A southbound train pulls into the station early on a Friday afternoon. Not a very busy time of day for this station.

This station is on the number 12 line, which runs between Front Populaire on the north side of the city to the Mairie d'Issy on the south side. The northern endpoint used to be at Porte de la Chapelle, as many of us old-timers will remember, but the line was extended in 2012. Another extension is planned for 2019 further north to the Mairie d'Aubervilliers. This station, Assemblée Nationale, is right smack in the middle of the city on the left bank.

The system currently has 16 lines operating with four more planned, along with numerous line extensions. There are over 300 stations in the system. The métro is the central part of a sprawling regional transit network that includes suburban rail lines that connect to the center city (the RER), light rail lines in the inner suburbs (les tramways), and city buses (les autobus).

I got most of the technical information in this post from the Wikpedia entry for the métro. And, if you didn't know, I spent much of my professional career in public transportation and am somewhat of a transit nerd. I could go on (and on) about the métro system, but I will spare you that.


  1. Public transport is my job and my serious interest, so do go on. I thought chemin was an animal, but Google Translate says it means path. It must be a similar word to chemin.

  2. I remember taking the metro many times during my short visit to paris, and wondering why philly didn't have a nice quiet clean system like this...we still don't.

  3. It is the best system I have ever had to the pleasure of riding.

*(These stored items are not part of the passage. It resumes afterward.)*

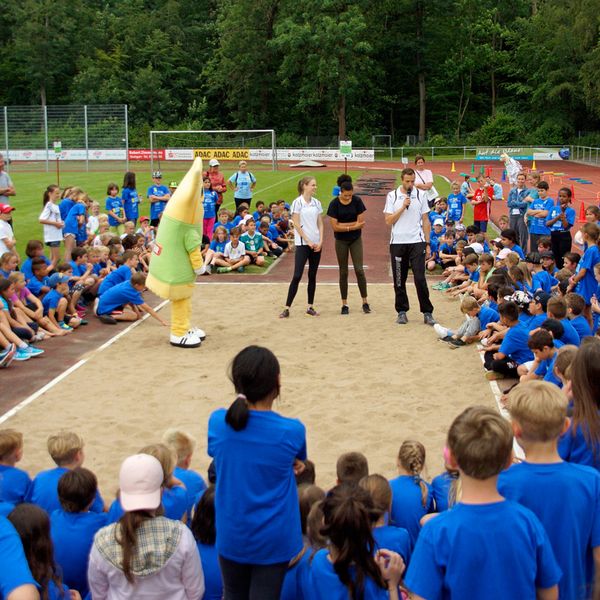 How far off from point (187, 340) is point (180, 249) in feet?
4.27

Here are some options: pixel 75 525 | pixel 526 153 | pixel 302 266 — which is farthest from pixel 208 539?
pixel 526 153

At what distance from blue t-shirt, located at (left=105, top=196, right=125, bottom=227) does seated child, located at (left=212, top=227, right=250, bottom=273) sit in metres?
3.29

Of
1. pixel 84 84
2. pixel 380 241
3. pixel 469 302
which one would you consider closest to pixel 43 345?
pixel 469 302

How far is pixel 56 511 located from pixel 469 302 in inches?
298

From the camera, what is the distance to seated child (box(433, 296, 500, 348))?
11.6m

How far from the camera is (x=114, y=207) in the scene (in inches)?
774

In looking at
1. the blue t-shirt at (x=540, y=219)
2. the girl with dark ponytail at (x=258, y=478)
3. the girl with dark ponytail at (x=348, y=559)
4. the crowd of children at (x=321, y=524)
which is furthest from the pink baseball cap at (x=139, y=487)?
the blue t-shirt at (x=540, y=219)

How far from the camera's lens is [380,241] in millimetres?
22125

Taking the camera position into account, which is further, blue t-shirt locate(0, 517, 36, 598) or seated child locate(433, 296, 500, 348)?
seated child locate(433, 296, 500, 348)

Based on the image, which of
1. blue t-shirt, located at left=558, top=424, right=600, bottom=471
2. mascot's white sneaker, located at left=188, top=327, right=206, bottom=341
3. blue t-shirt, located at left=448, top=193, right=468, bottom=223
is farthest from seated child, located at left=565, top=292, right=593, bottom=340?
blue t-shirt, located at left=448, top=193, right=468, bottom=223

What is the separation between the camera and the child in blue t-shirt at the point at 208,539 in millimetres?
4992

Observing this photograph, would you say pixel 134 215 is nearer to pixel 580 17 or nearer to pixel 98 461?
pixel 98 461

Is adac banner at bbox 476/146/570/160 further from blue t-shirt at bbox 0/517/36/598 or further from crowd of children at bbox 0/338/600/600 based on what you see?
blue t-shirt at bbox 0/517/36/598

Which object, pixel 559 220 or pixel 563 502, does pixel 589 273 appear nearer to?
pixel 559 220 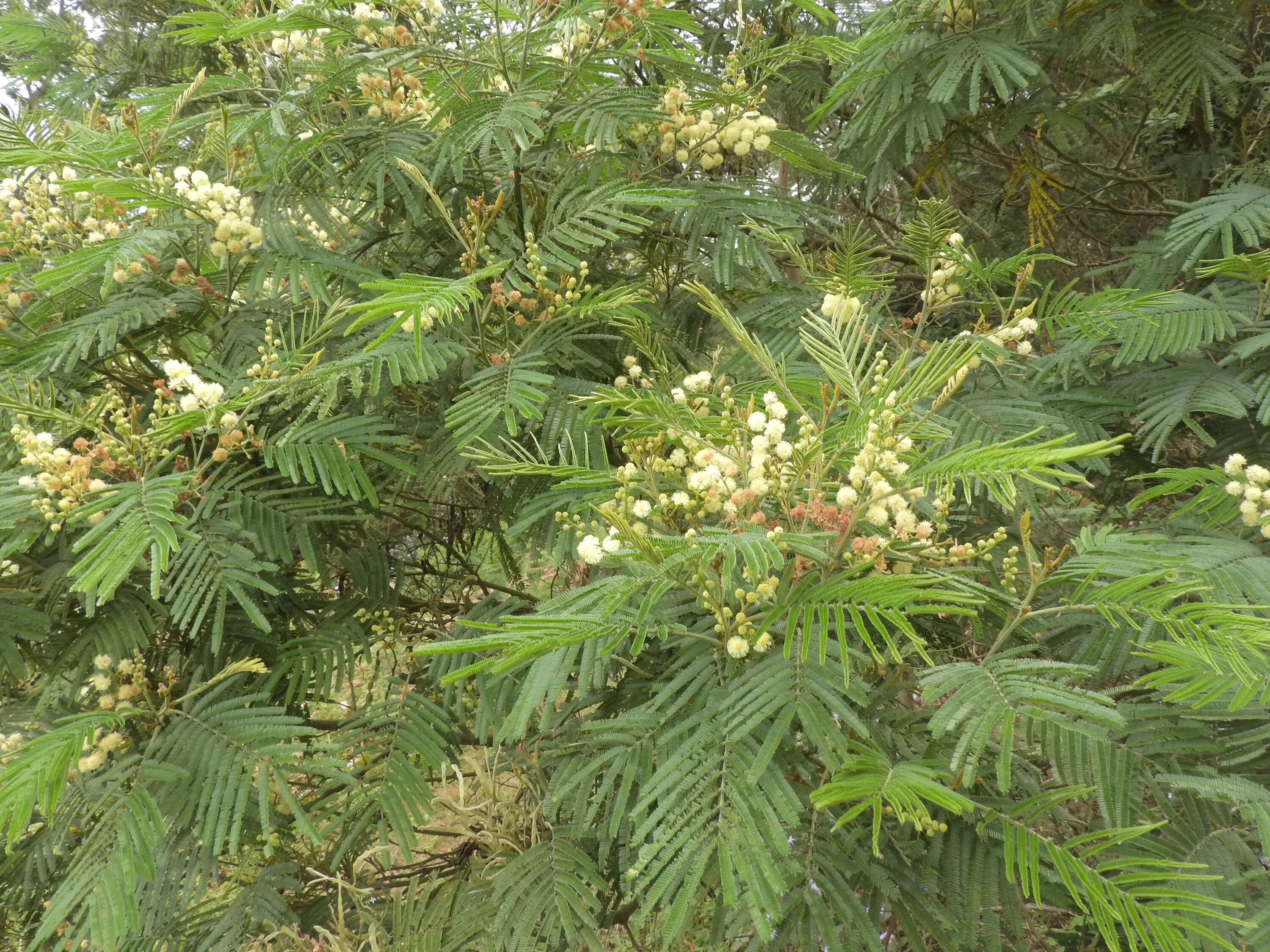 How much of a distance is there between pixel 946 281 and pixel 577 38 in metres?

  4. Originally, Line 12 was known as le Nord-Sud, after the name of the company that built it, when it ran from Gare du Nord to Porte de Versailles. The letters N and S were embossed interlaced on the doors of the cars, and maybe other places I don't remember (cartouches at the street entrance of the stations?). Many new lines were built between the two World Wars, and it's probably after WWII that le Nord-Sud lost its name and began to be blandly known as Line 12. But for my grandparents who had lived close to one of its stations since the inception of the line, it was always le Nord-Sud.

    1. I was mistaken, the original Nord-Sud northern end wasn't Gare du Nord, but Porte de la Chapelle, as you said. Sorry.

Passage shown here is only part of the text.